Une condamnation exemplaire prononcée à Bastia
Mardi soir, le tribunal de Bastia a rendu son verdict à l’encontre de Christopher Dubos, âgé de 56 ans. L’homme a écopé d’une peine de quatre années d’emprisonnement, assortie d’un mandat de dépôt immédiat.
Au-delà de la sanction carcérale, le tribunal a imposé plusieurs mesures restrictives. Un suivi sociojudiciaire d’une durée de trois ans devra être respecté, sous peine d’une incarcération supplémentaire de deux ans. L’individu se voit également interdit de tout contact avec sa victime et ne pourra plus exercer d’activité impliquant des mineurs.
Des centaines de messages à caractère sexuel
Les faits remontent à l’année 2020. Christopher Dubos a harcelé sexuellement la fille de sa compagne de l’époque, alors âgée de seulement neuf ans. L’enquête a révélé l’envoi de pas moins de 527 messages téléphoniques à connotation sexuelle sur une période de deux mois.
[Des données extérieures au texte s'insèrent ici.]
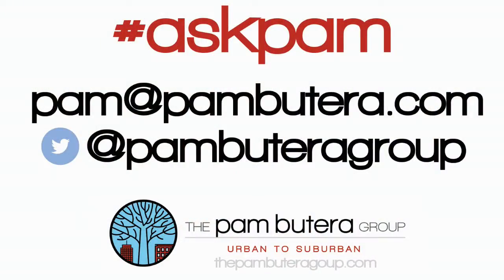So if you have a question for Ask Pam, just tweet us or email me at Pam at PamButerra.com. The Pam Buterra Group — Urban to Suburban.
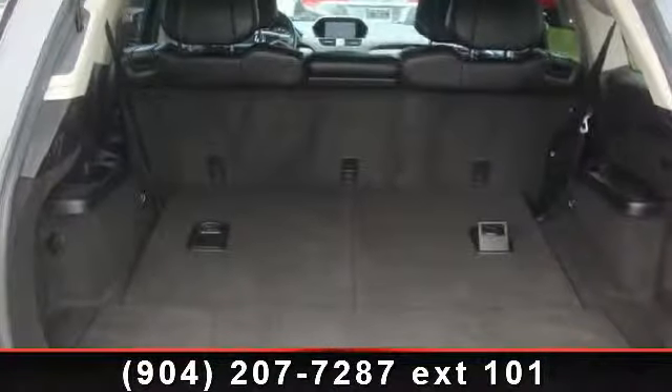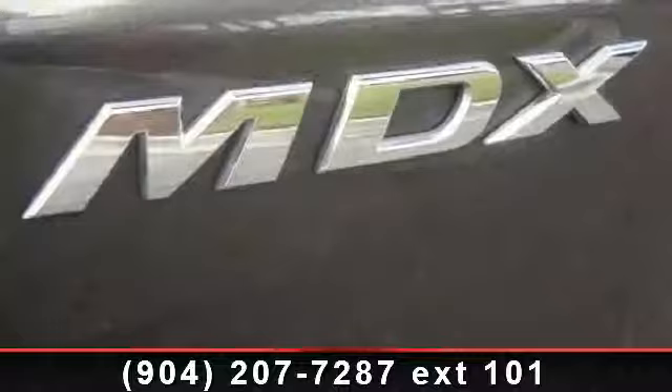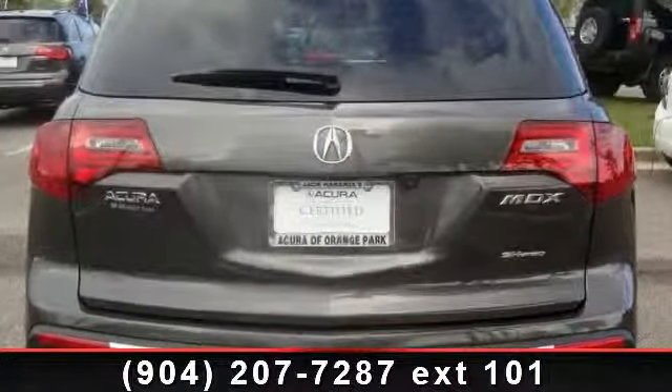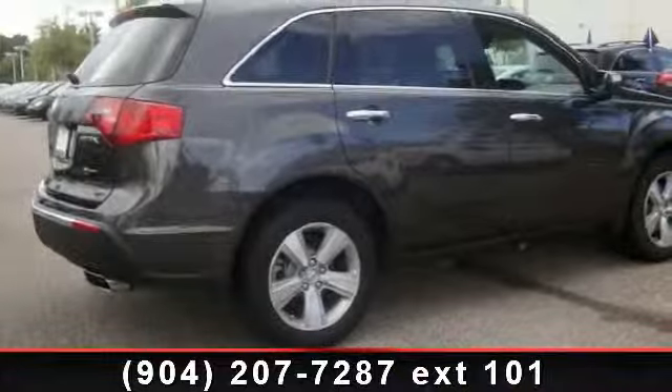Remote link power operated tailgate, voice recognition system, Milano premium leather-trimmed interior, hard disk drive media storage, trip computer, Acura navigation system with Zagat survey, USB audio interface with iPod integration, and Trailer Stability Assist.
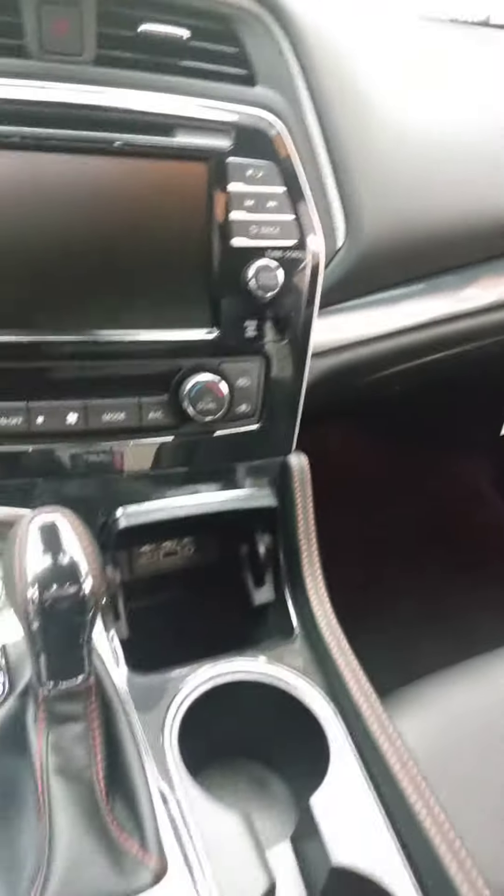And here we are — extremely comfortable seats, really. Heat and cooled seats up here. And when I say extremely comfortable, they call them anti-gravity — fancy words, but they've done a lot of research. There's lumbar support in there, which makes those long drives a lot more comfortable.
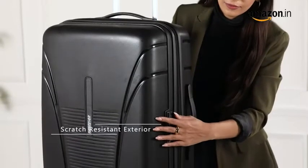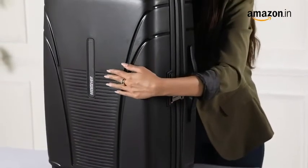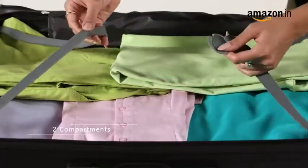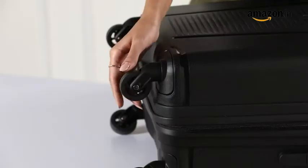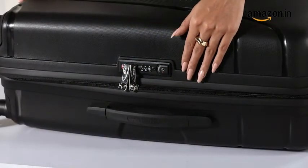This scratch resistant suitcase is crafted in polypropylene and features a hard casing. It comes with two compartments that provide ample space. This suitcase features four wheels and an extendable handle that makes it easy to carry. The three digit recessed TSA lock makes it an ideal pick.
Si l’enfant a évoqué des viols, cette partie du dossier a fait l’objet d’un non-lieu. Néanmoins, les éléments retenus suffisaient amplement à établir la gravité des actes commis.
L’alerte donnée par un centre aéré
C’est le centre de loisirs L’Arinella, situé à Bastia, qui a donné l’alerte. Des animatrices y ont repéré des messages à caractère sexuel dans le téléphone portable de la fillette, déclenchant ainsi le signalement aux autorités.
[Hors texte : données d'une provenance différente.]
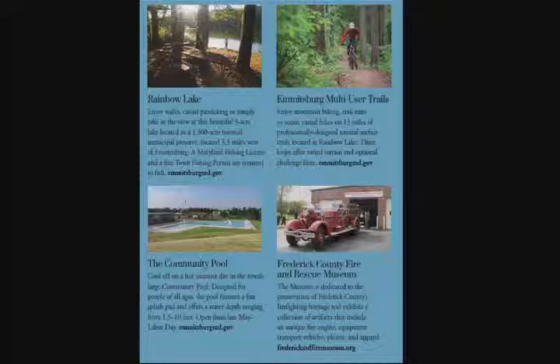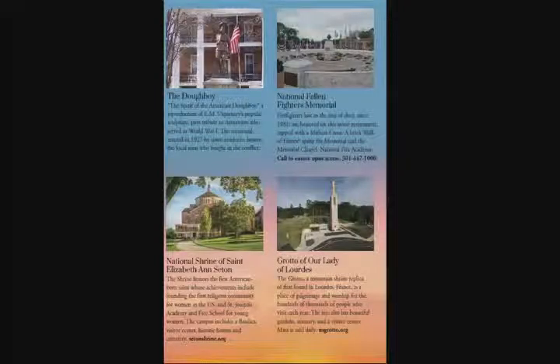Ruth designed our wayside signs, so there's nice continuity and good flow. You've done a great job. Does anybody have any problems or questions about the kiosk as presented?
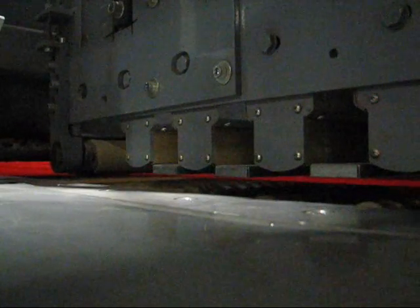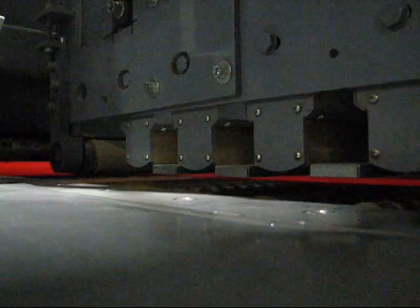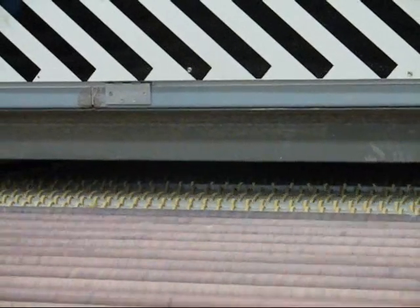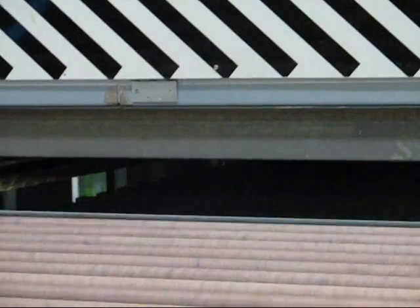Heat strengthened glass is gradually cooled during this process, while fully tempered glass is rapidly cooled to leave its surface in a state of greater tension. Heating time relates to glass thickness and takes approximately 30 seconds per millimeter.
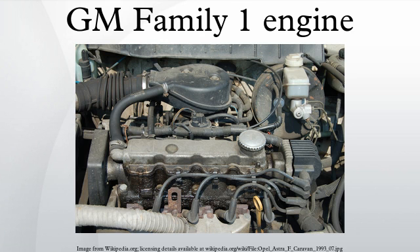SOHC variants: The 999cc version has a 71.1mm bore and a 62.9mm stroke. The 1,195cc version was used in the Opel Corsa. The 1,297cc version has a 75.0mm bore and a 73.4mm stroke. The 1,389cc version has a 79.0mm bore and a 71.5mm stroke. The 1,796cc version has an 80.5mm bore and an 88.2mm stroke.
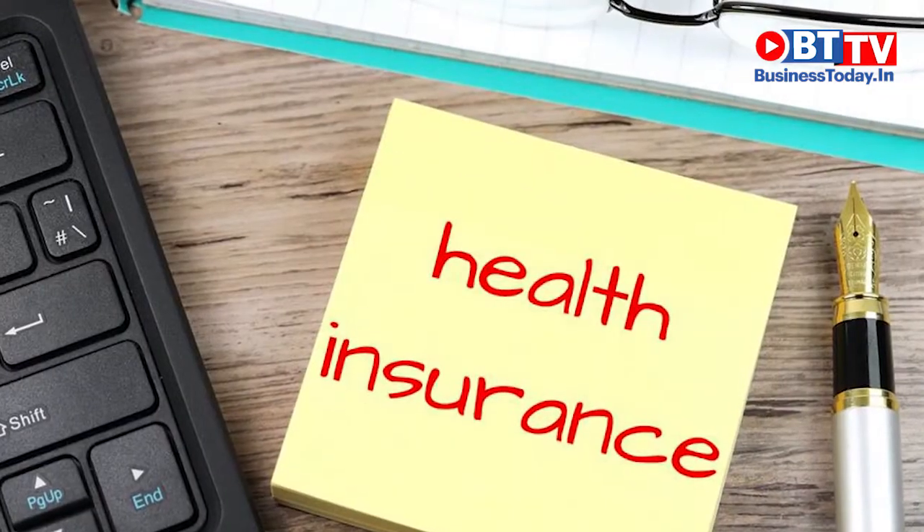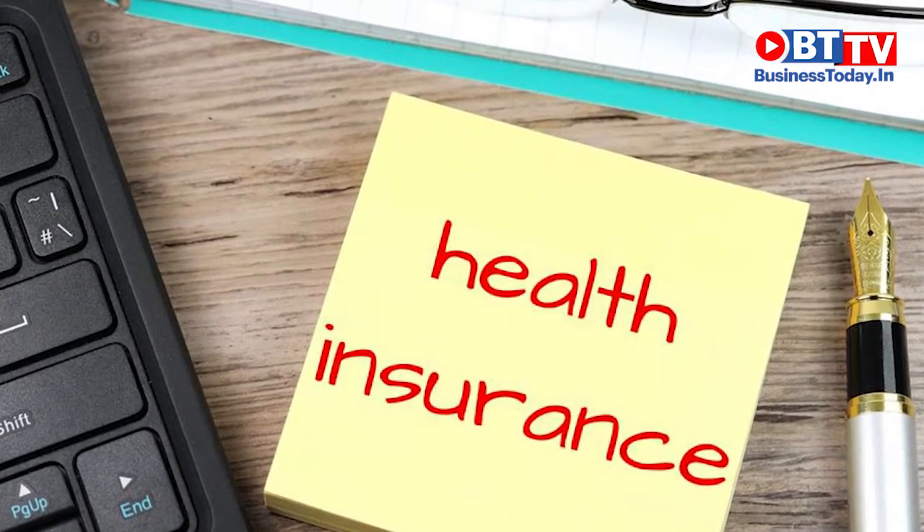Let's understand with an example. If you have a base policy of 5 lakh rupees sum insured and a standard top-up plan of 10 lakh rupees with a deductible amount of 5 lakh rupees, and you get hospitalized and receive a medical bill of 7 lakh rupees, then 5 lakh rupees will be taken care of through your base policy and 2 lakh rupees will be paid from your standard top-up plan. You have now exhausted your base policy and have 8 lakh rupees remaining in your top-up plan.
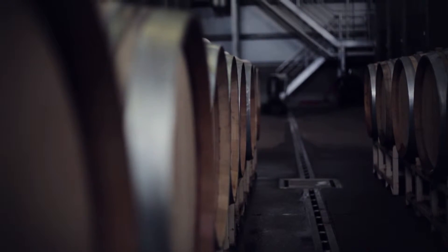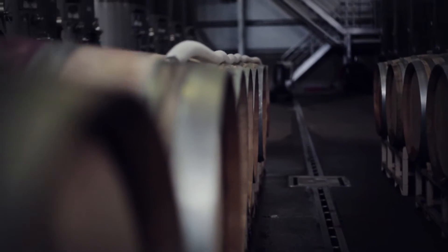The juice that's pressed off is collected in the tank. We lower the temperature down to about 10 degrees Celsius, and then we rack it into barrels the following morning. It spends the rest of its life in barrels until we bottle it — and typically for the estate Chardonnay, that's about eight months.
Des preuves accablantes découvertes lors de la perquisition
La perquisition effectuée au domicile du prévenu a permis aux enquêteurs de mettre au jour un matériel particulièrement accablant. Les policiers ont saisi une cinquantaine de photographies et de vidéos montrant l’enfant en sous-vêtements.
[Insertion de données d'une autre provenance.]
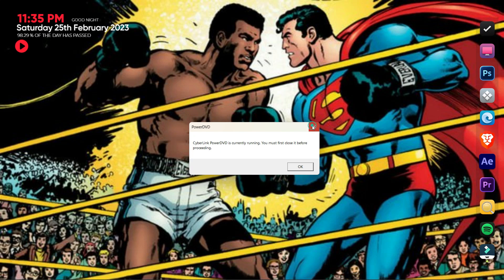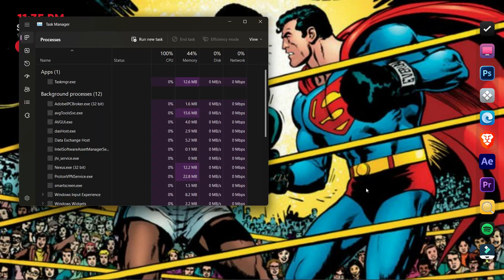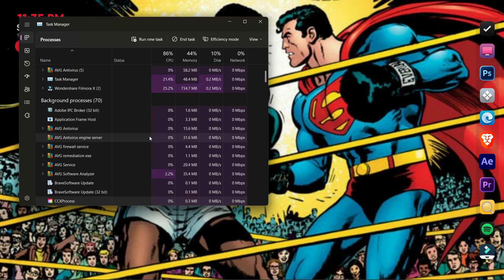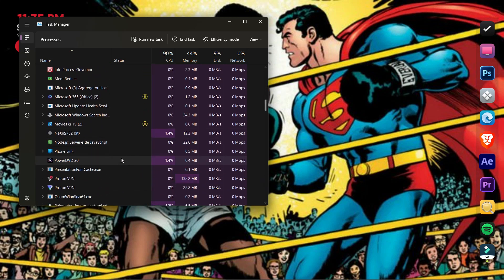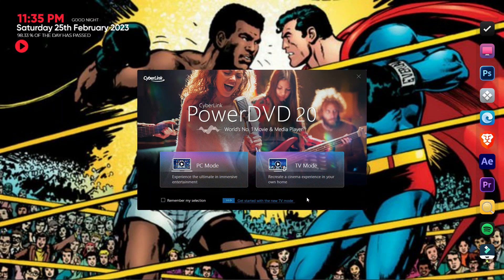So the way to fix it is to go to Task Manager. It is the same process for Windows 10 and Windows 11. You look for PowerDVD, find it — here is PowerDVD — then you end its task. You can see now that PowerDVD is going to start finally.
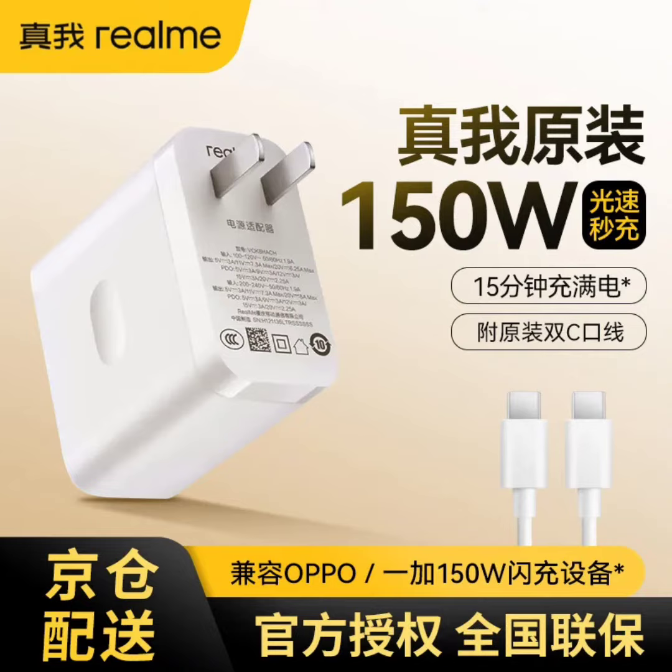The kit includes a gallium nitride (GaN) charger and a 1-meter charging cable. The charger supports PD and QC charging protocols, delivering a maximum power of 45W with the PD protocol.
Parmi ces images figurait également un gros plan sur l’entrejambe de la victime. L’analyse de l’historique de navigation Internet a révélé des recherches avec les termes « teen nude » et « teen masturb outdoor ».
Un passé judiciaire déjà chargé
Christopher Dubos n’en était pas à sa première comparution devant la justice. Ancien militaire, l’homme présentait six mentions à son casier judiciaire, dont une condamnation à cinq ans de prison avec sursis pour des violences commises sur sa conjointe.
Père d’un garçon et d’une fille majeure, il était déjà défavorablement connu des services judiciaires, ce qui n’a pas manqué d’alerter la juridiction sur la dangerosité de son profil.
Des justifications peu convaincantes
À la barre, le quinquagénaire a tenté de minimiser ses actes. « Je regrette ce que j’ai fait, j’étais immature », a-t-il déclaré, avant d’ajouter : « je me fais soigner par des psychologues. J’ai fait une bêtise. »
Il a également cherché à se dédouaner en affirmant : « Je ne suis pas un pervers sexuel. Si j’étais un pervers sexuel, on ne m’aurait pas accordé la garde de mon fils. »
Une victime courageuse qui brise le silence
Désormais adolescente, la jeune victime a fait preuve d’un courage remarquable en réclamant la levée du huis-clos pour médiatiser cette affaire. Soutenue par l’association Donne di Corsica et son avocate, Me Johana Giovanni, elle souhaitait que son témoignage puisse « aider d’autres femmes à prendre la parole. »
Lors de sa déclaration à la barre, elle a confié : « J’avais honte parce que je pensais que c’était ma faute. Cet homme a détruit ma vie. » Des mots qui ont résonné dans l’ensemble de la salle d’audience.
Un profil jugé inquiétant par le tribunal
Le président du tribunal n’a pas caché son inquiétude face au comportement du prévenu. « Vous avez un profil hyper-inquiétant », a-t-il déclaré, avant de questionner l’accusé sur d’éventuelles autres victimes potentielles.
Cette interrogation souligne la gravité de la situation et les risques de récidive identifiés par la juridiction, justifiant ainsi la fermeté de la sanction prononcée.